GOAL OF THE EXERCISE » Omitting all images, set down every line below exactly as it appears.

ENTRIES SHOWN »

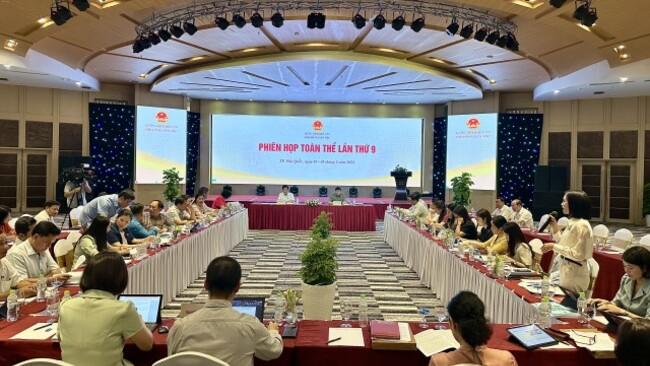 HỘI ĐỒNG DÂN TỘC CHO Ý KIẾN VỀ DỰ ÁN LUẬT QUY HOẠCH ĐÔ THỊ VÀ QUY HOẠCH NÔNG THÔN
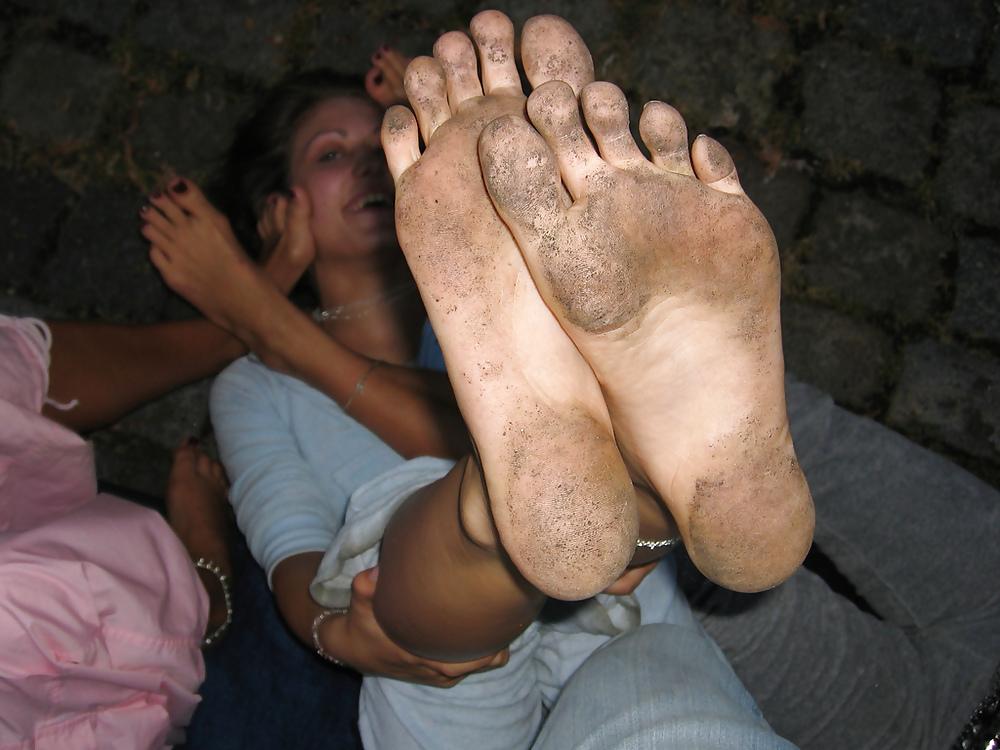 20P Dirty Feet To Tongue Wash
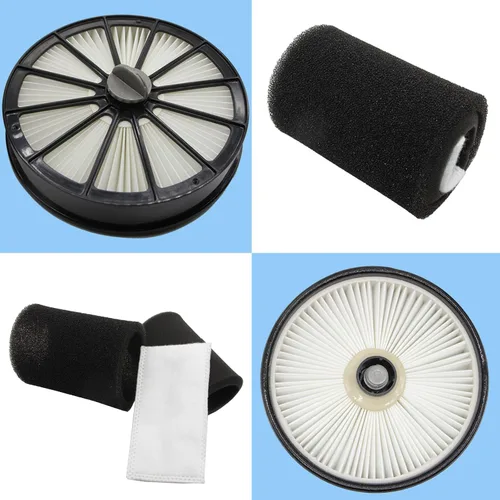Vista 3 de Filtro 2087 compatible con Bissell Serie 2087 Borrador de pelo de mascotas Aspiradora vertical 2087 20872 20874 20878 2087Q 2087R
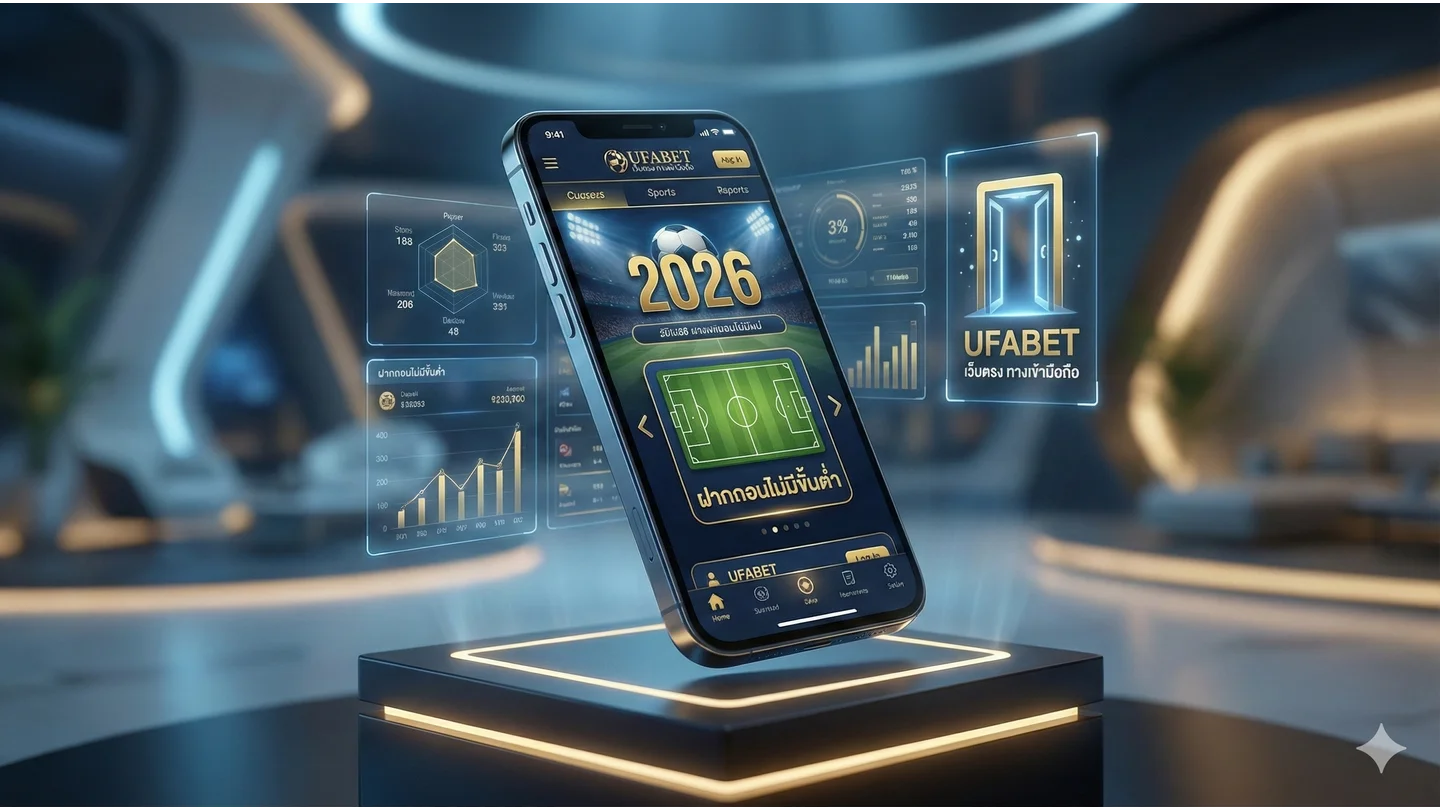 You are currently viewing UFABET เว็บตรง ทางเข้ามือถือ โฉมใหม่ 2025 ระบบฝากถอนไม่มีขั้นต่ำ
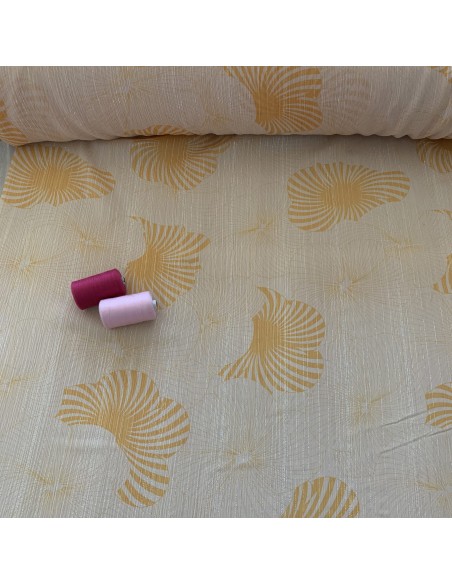 SZYFON YORIU Z BROKATEM- MUSZELKA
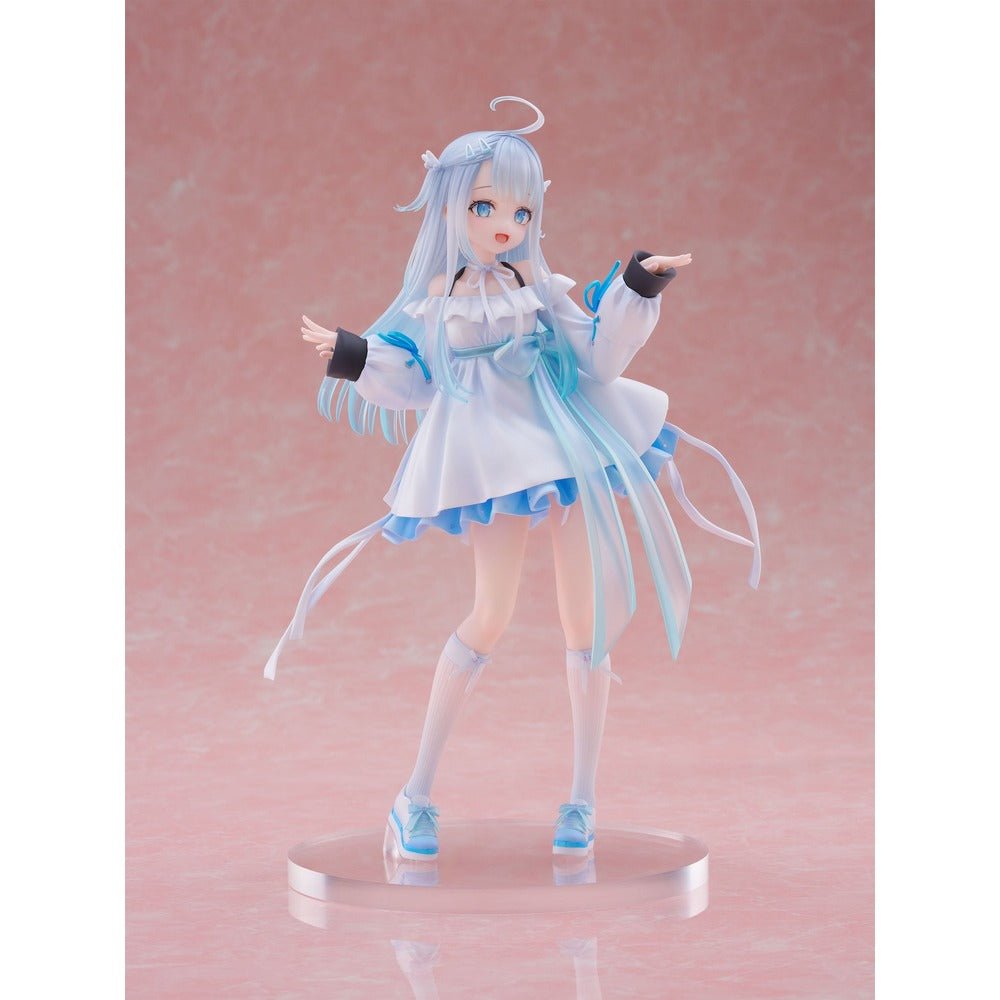 《預訂已截單》FuRyu F:NEX VTuber 天使兔跳1/7比例人像《2025年10月發售》 - Microworks ACG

REPLY TO THE EXERCISE »
 HỘI ĐỒNG DÂN TỘC CHO Ý KIẾN VỀ DỰ ÁN LUẬT QUY HOẠCH ĐÔ THỊ VÀ QUY HOẠCH NÔNG THÔN
 20P Dirty Feet To Tongue Wash
Vista 3 de Filtro 2087 compatible con Bissell Serie 2087 Borrador de pelo de mascotas Aspiradora vertical 2087 20872 20874 20878 2087Q 2087R
 You are currently viewing UFABET เว็บตรง ทางเข้ามือถือ โฉมใหม่ 2025 ระบบฝากถอนไม่มีขั้นต่ำ
 SZYFON YORIU Z BROKATEM- MUSZELKA
 《預訂已截單》FuRyu F:NEX VTuber 天使兔跳1/7比例人像《2025年10月發售》 - Microworks ACG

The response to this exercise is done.